Multi-level Supervised Contrastive Learning
Naghmeh Ghanooni, Barbod Pajoum, Harshit Rawal, Sophie Fellenz, Vo, Nguyen Le Duy, Marius Kloft

TL;DR
This paper introduces a multilevel supervised contrastive learning framework that employs multiple projection heads to better capture complex similarities in data, improving performance on multi-label and hierarchical tasks.
Contribution
The paper proposes a novel multilevel contrastive learning method that utilizes multiple projection heads to capture diverse similarity aspects, enhancing representation learning.
Findings
Outperforms state-of-the-art contrastive methods on text and image datasets.
Effective in multi-label and hierarchical classification scenarios.
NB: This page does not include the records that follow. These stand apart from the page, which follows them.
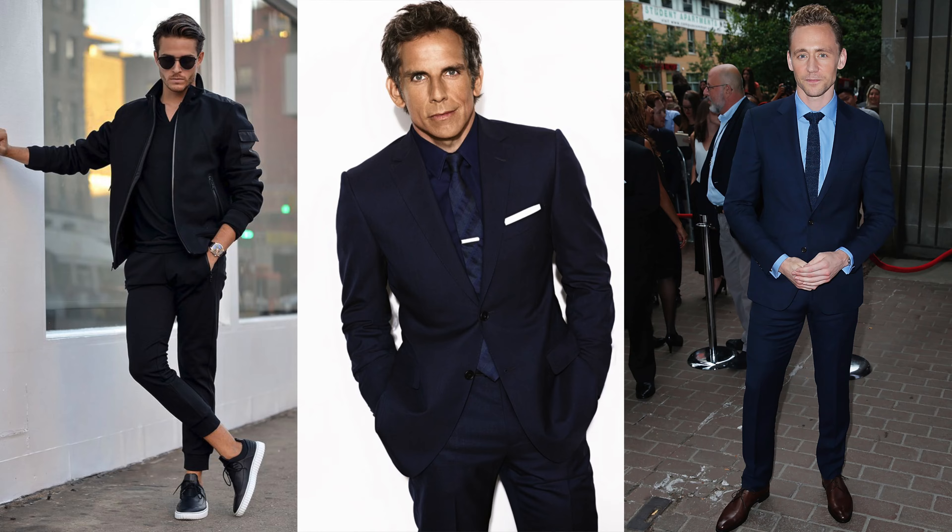Number seven is for all my shorter gentlemen. If you want to look a little more elongated and taller, stick to a monochromatic outfit. Wearing all the same color makes guys look taller — it gives you a clean, seamless look with no interruptions to the eye, making you look more elongated. Color blocking, on the other hand, instantly chops your image in half and tends to make you look shorter.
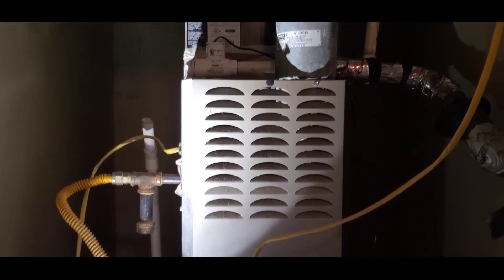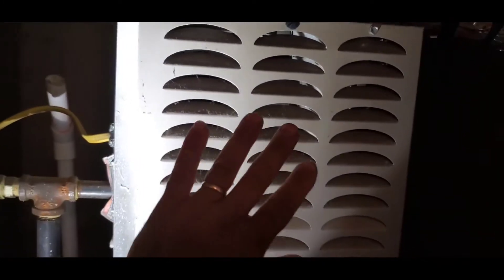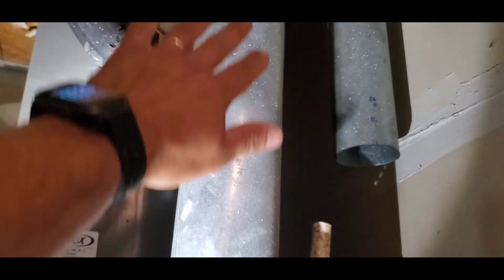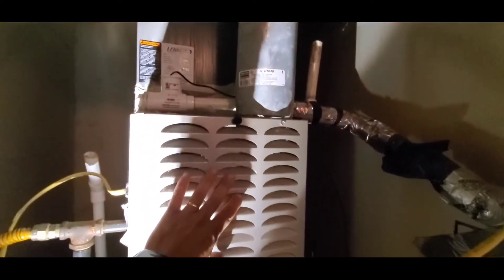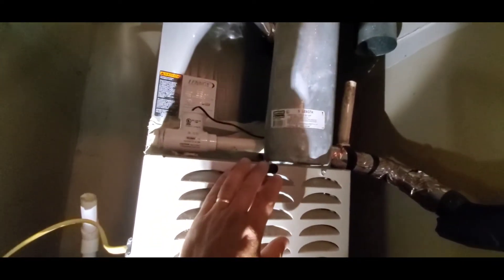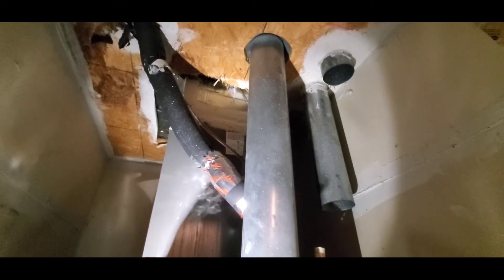Hello everyone, this is Justin with Green Residential. Today I'm looking at a gas furnace — this furnace heats a house, and this vent here takes all the fumes. Inside the furnace you have a fire, and it creates exhaust fumes. All those exhaust fumes go out this vent to the exterior, where they can be safely released.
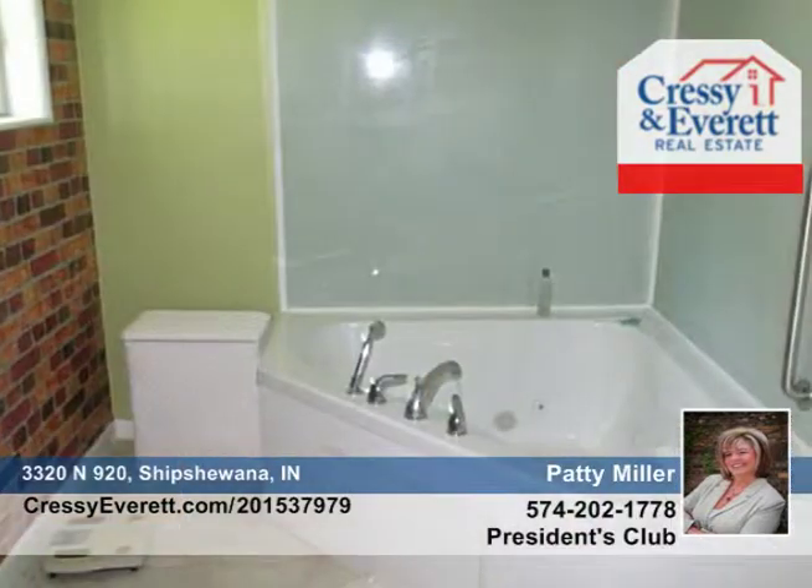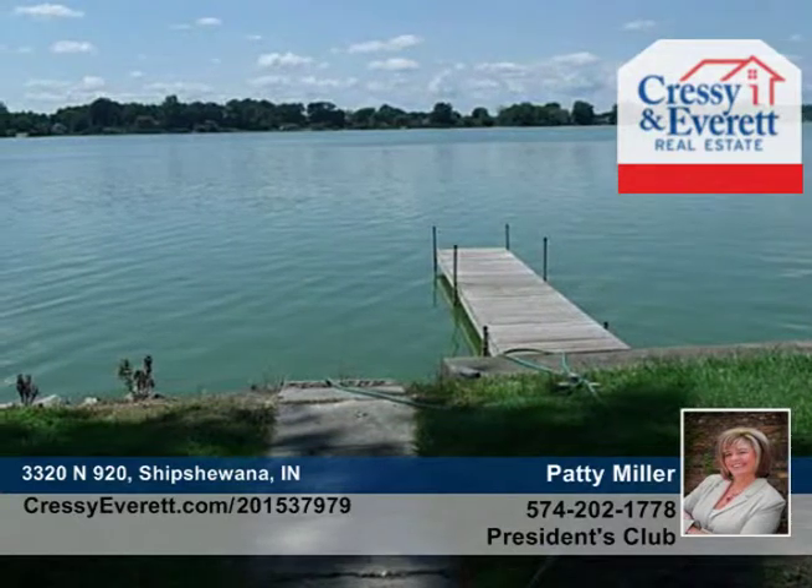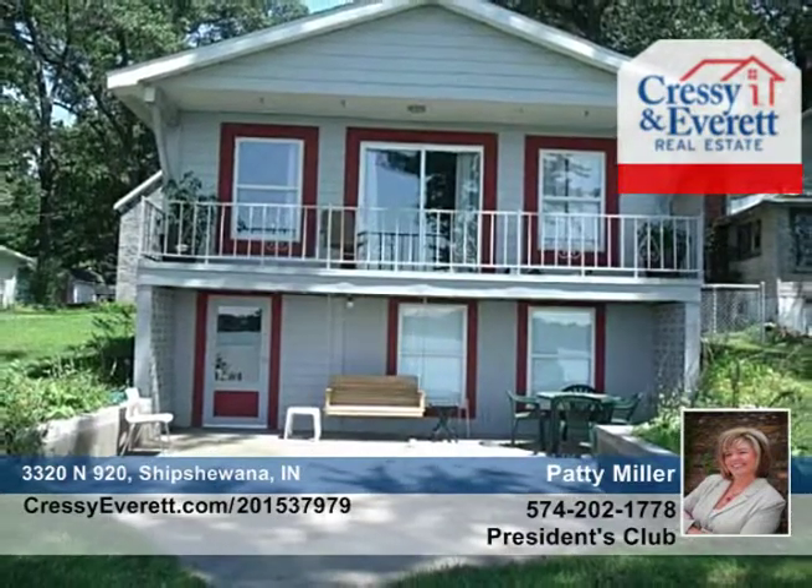You'll love the whirlpool tub in the master bath as well as a fireplace in the dining room. The lower level walkout is just waiting for your finishing touches. This home has so much to offer and can be seen with a call to Patty Miller.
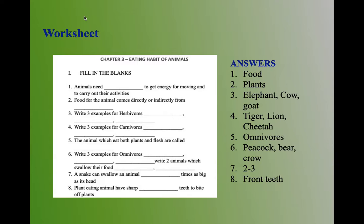Eating Habits of Animals — we will start with the first set: Fill in the Blanks. First question: animals need dash to get energy for moving and to carry out their activities. The answer is food. Second question: food for the animals comes directly or indirectly from plants.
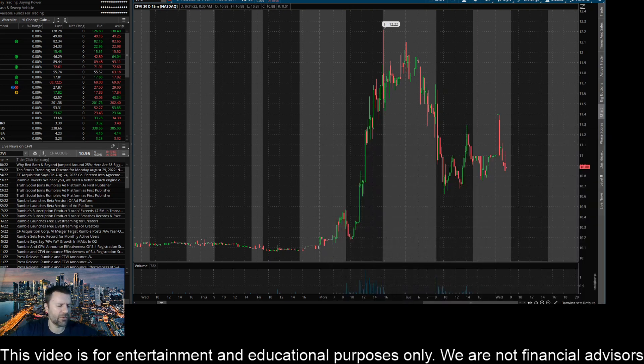Hey everyone, this is James with WSTrades.com. I want to provide an update here on ticker CFVI, or Cantor Fitzgerald Acquisition Corp.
Improves representation quality with multiple projection heads.
Abstract
Contrastive learning is a well-established paradigm in representation learning. The standard framework of contrastive learning minimizes the distance between "similar" instances and maximizes the distance between dissimilar ones in the projection space, disregarding the various aspects of similarity that can exist between two samples. Current methods rely on a single projection head, which fails to capture the full complexity of different aspects of a sample, leading to suboptimal performance, especially in scenarios with limited training data. In this paper, we present a novel supervised contrastive learning method in a unified framework called multilevel contrastive learning (MLCL), that can be applied to both multi-label and hierarchical classification tasks. The key strength of the proposed method is the ability to capture similarities between samples across different labels and/or…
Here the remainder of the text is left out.